_Exercise instructions:_ Below is a listing with pictures in it; transcribe exactly the lines from the one that has "To start with" through the one that has "I also have", and omit those pictures.

______________________________

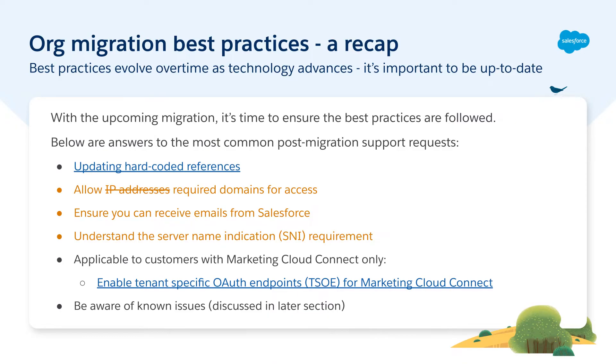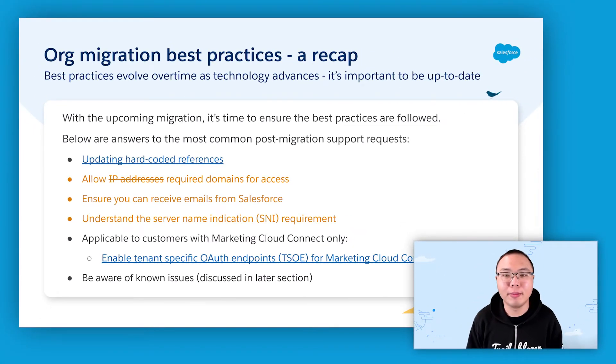Let's take a look at some of the best practices in preparing for an org migration. Some of you may have seen the how to prepare for org migration knowledge article long ago and have done the best practices. However, with our three major releases every year, it doesn't hurt to revisit the article and look for any key changes, especially with the upcoming move to Hyperforce. It is a great time to review them and stay up to date.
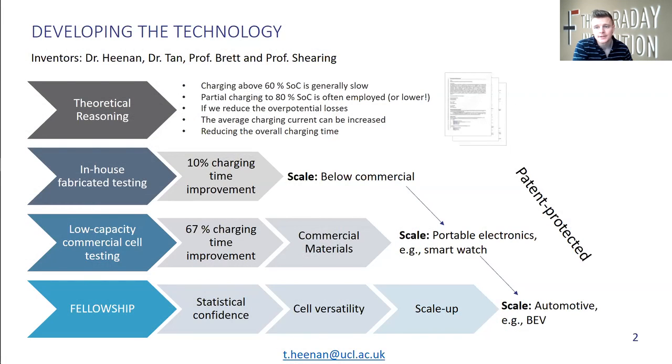To start with the technology, it began as a four-way collaboration between myself, Dr. Tan, and Professors Brett and Shearing, all part of the EIL. Our general idea was that if we could reduce the overpotentials during fast charging, then we could get to a higher state of charge in a shorter period of time, thus reducing the overall charging time.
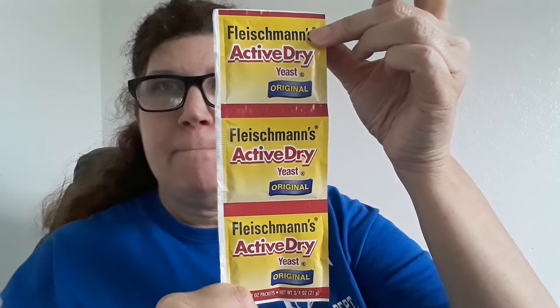Now this was a deal — Fleischmann's active dry yeast. Some of you may still be having trouble getting yeast. This was on sale for $1.99, which is still not a great sale for all three, but I had a 75-cent coupon and it doubled to a dollar off, making it 99 cents for the three-pack — that's 33 cents a pack for yeast, which is a good deal.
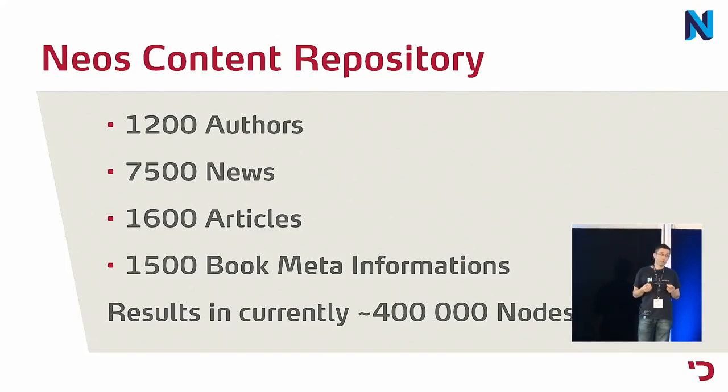Currently we are working on importers for complete books. Each book will have about 20,000 to 50,000 nodes, and we have to import 3,000 books — so we are pushing it to the next level. If you want to use the content repository for that, it is really doing the job.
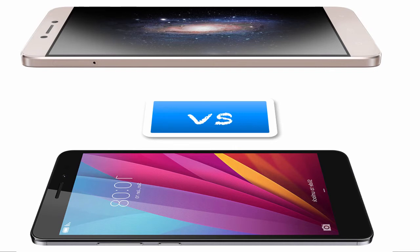For RAM, the Honor 5X has up to 3GB RAM. For internal memory, the Honor 5X has 16GB while the Le1S has 32GB. If you want external memory or expandable storage, you will get that on the Honor 5X.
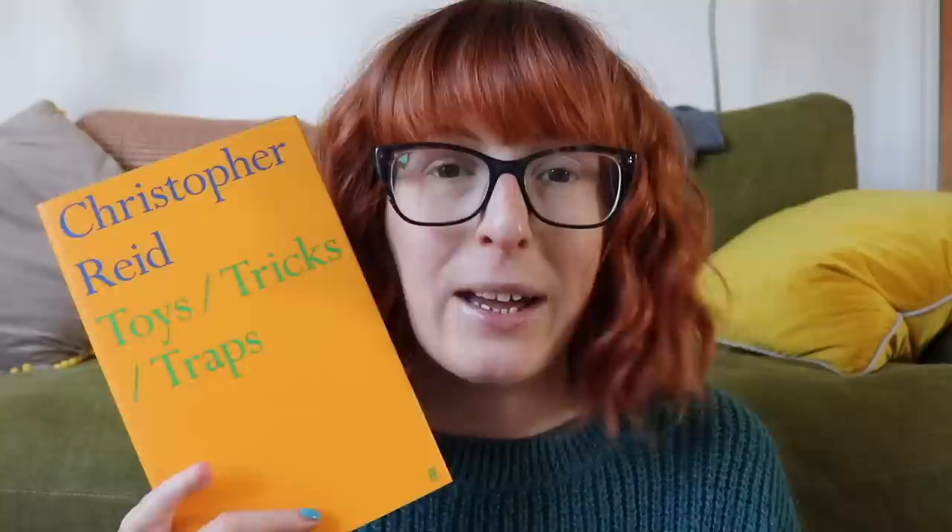I also have another poetry collection sent to me for review from my publisher Bloodaxe — this is Maura Dooley's 559. Blurbs of poetry collections are always quite obscure; the back says these are quizzical poems concerned with time and mortality, which ask fundamental questions about our lives such as 'where have you gone and who were you anyway?' I read a couple of sample poems and enjoyed them, so I look forward to reading that.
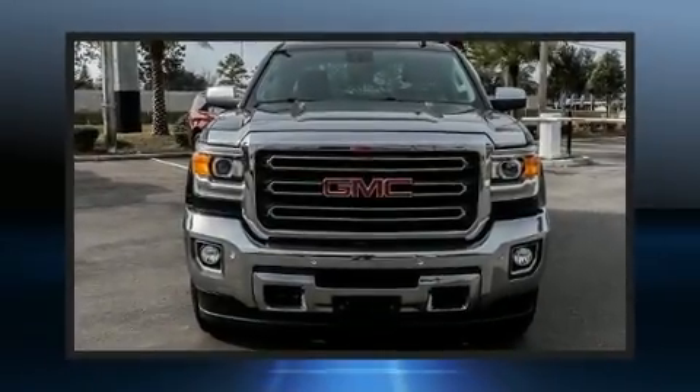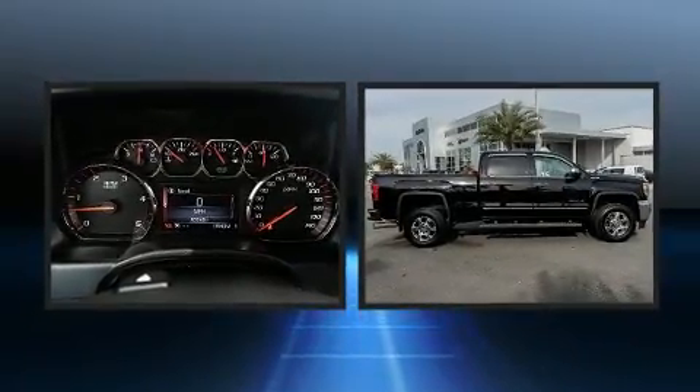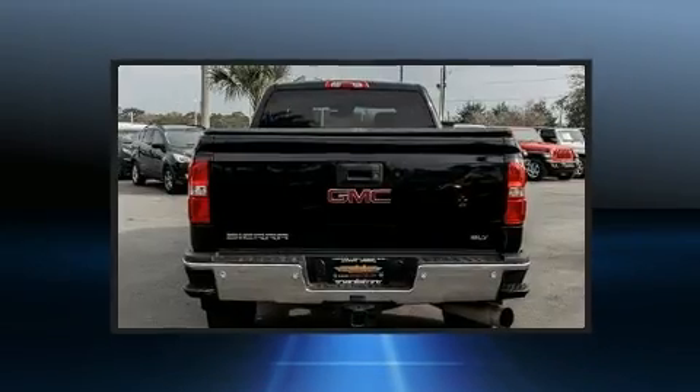Come test drive this 2015 GMC Sierra 2500 HD. Smooth gear shifts are achieved thanks to the powerful eight-cylinder engine, and for added security, dynamic stability control supplements the drivetrain. Four-wheel drive allows you to go places you've only imagined.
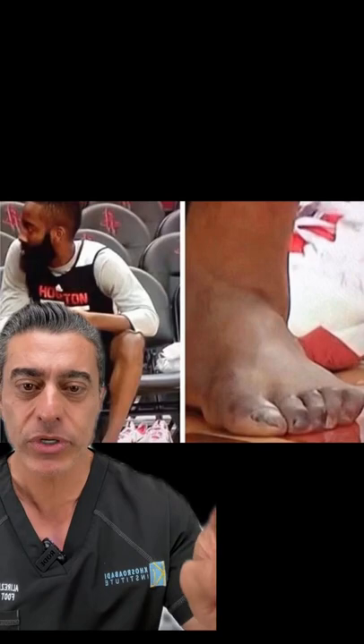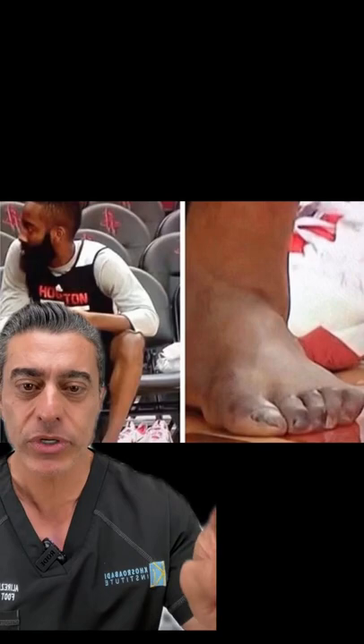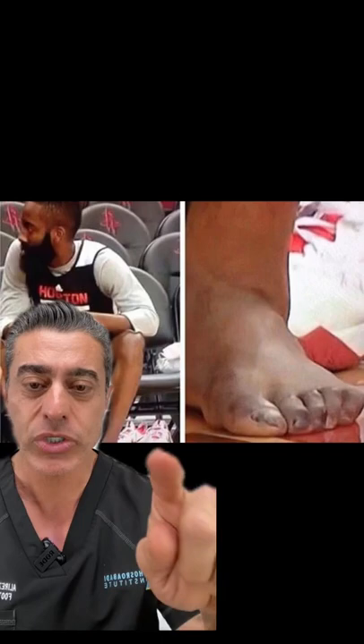Here we go — his left foot: multiple hammer toe deformities. They're very bad. You see corns on top of most of them. Also a hallux deformity, which is the big toe deformity, and a bunion.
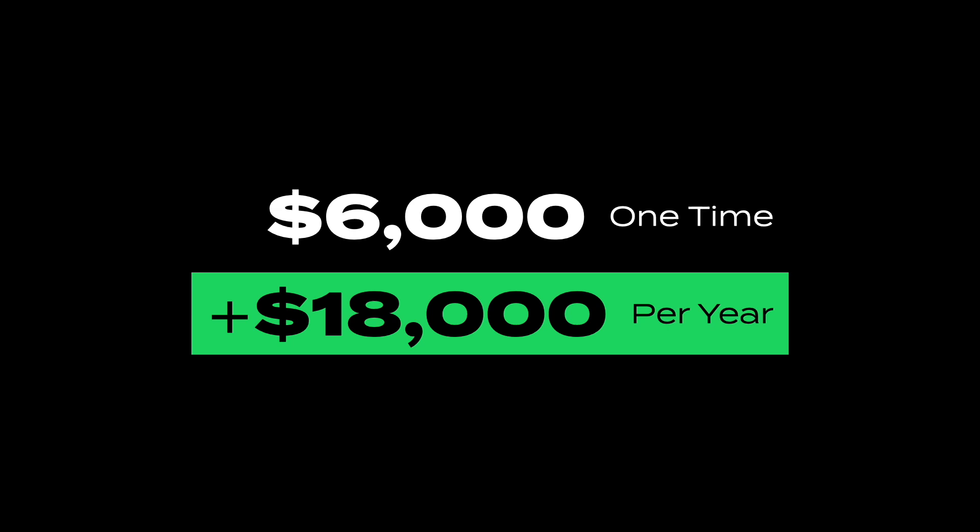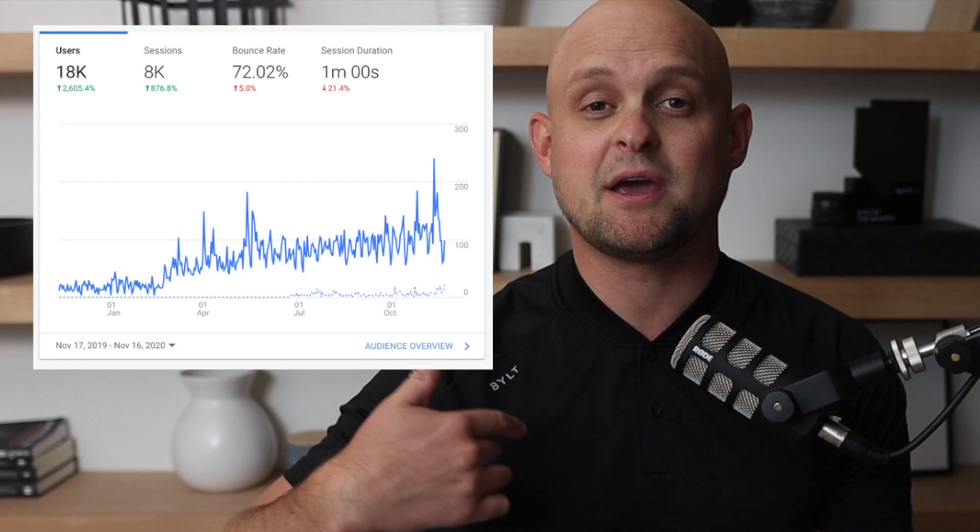My average profit from a single web design project is about six thousand dollars, but if I upsell those clients on SEO, my profit increases by eighteen thousand dollars per year per client. In this video I want to teach you the process of transitioning a client from a web design project into an SEO campaign — how to deliver it, how to prep them for it, and how to get great results so they continue to pay you month after month.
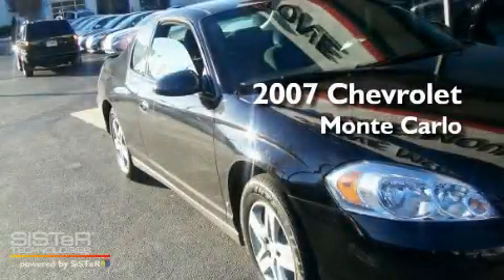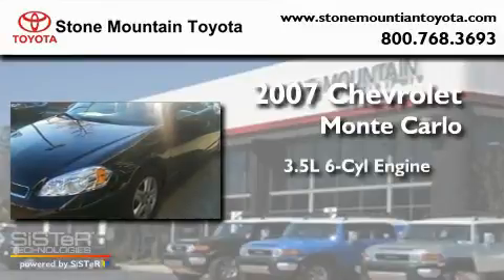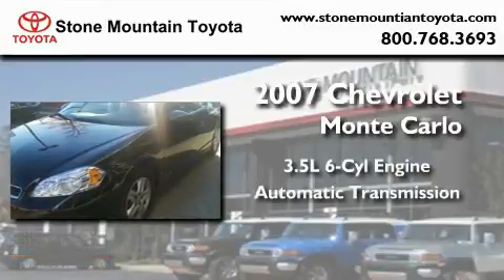This is a 2007 Chevrolet Monte Carlo. It has a 3.5-liter six-cylinder engine and an automatic transmission.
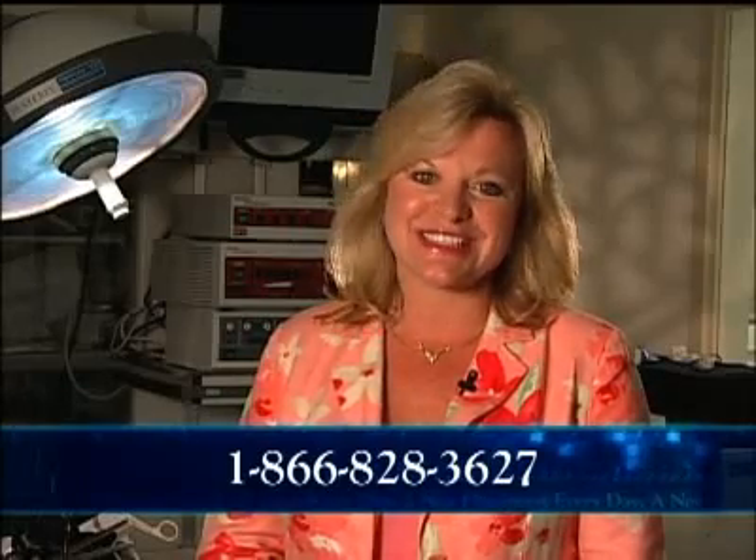If you have any questions, give us a call at 1-866-828-3627. We'll see you next time. Good night.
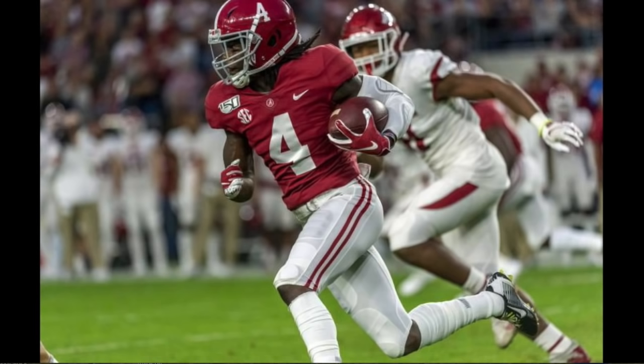Jerry Jeudy is fantastic. My rankings aren't official until I make a video about it, but I was talking to my bro and we were thinking this receiver class is so ridiculous that we might have to do a top 30 instead of top 15. Jerry is one of those guys who really separates himself with his combination of talents. Jerry may be number one on some lists — he might be number one on mine. It's close between him and CeeDee Lamb. I've seen people say they're 'one-A and one-B' — I think that's a lazy way to look at it. Give somebody one and somebody two.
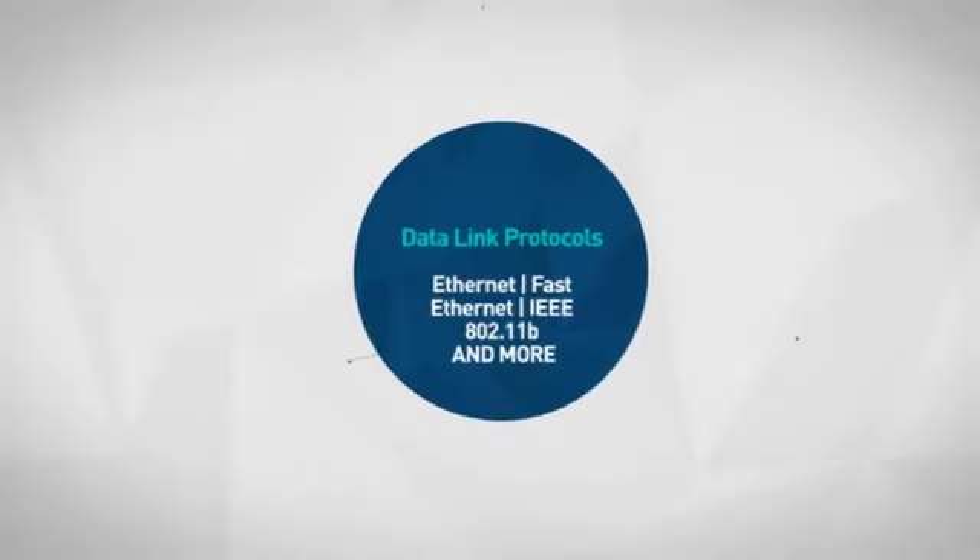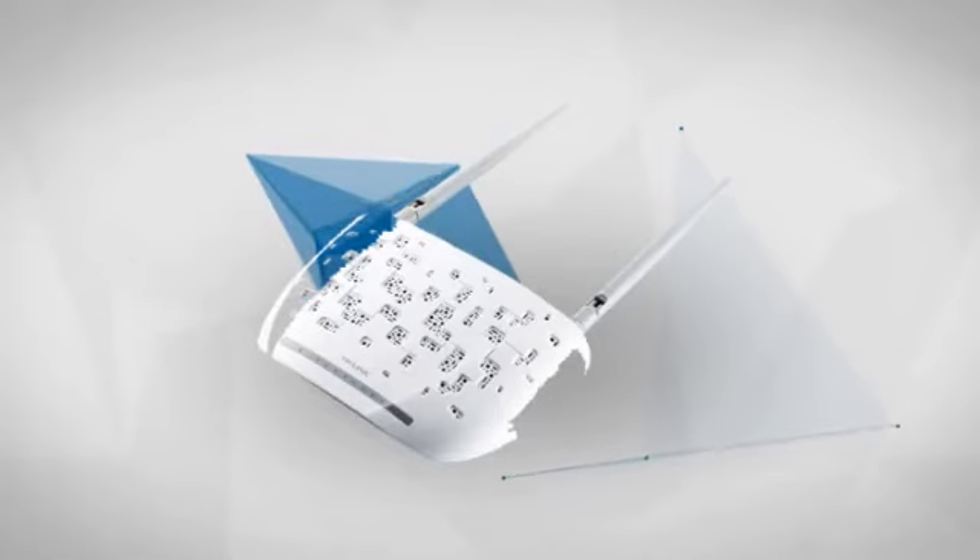Considering these features and many more, this is a smart choice for a busy and demanding network. Get it now at MISCO.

______________________________

_Task output:_
To start with the technology, it began as a four-way collaboration between myself, Dr. Tan, and Professors Brett and Shearing, all part of the EIL. Our general idea was that if we could reduce the overpotentials during fast charging, then we could get to a higher state of charge in a shorter period of time, thus reducing the overall charging time.
Now this was a deal — Fleischmann's active dry yeast. Some of you may still be having trouble getting yeast. This was on sale for $1.99, which is still not a great sale for all three, but I had a 75-cent coupon and it doubled to a dollar off, making it 99 cents for the three-pack — that's 33 cents a pack for yeast, which is a good deal.
Currently we are working on importers for complete books. Each book will have about 20,000 to 50,000 nodes, and we have to import 3,000 books — so we are pushing it to the next level. If you want to use the content repository for that, it is really doing the job.
For RAM, the Honor 5X has up to 3GB RAM. For internal memory, the Honor 5X has 16GB while the Le1S has 32GB. If you want external memory or expandable storage, you will get that on the Honor 5X.
I also have another poetry collection sent to me for review from my publisher Bloodaxe — this is Maura Dooley's 559. Blurbs of poetry collections are always quite obscure; the back says these are quizzical poems concerned with time and mortality, which ask fundamental questions about our lives such as 'where have you gone and who were you anyway?' I read a couple of sample poems and enjoyed them, so I look forward to reading that.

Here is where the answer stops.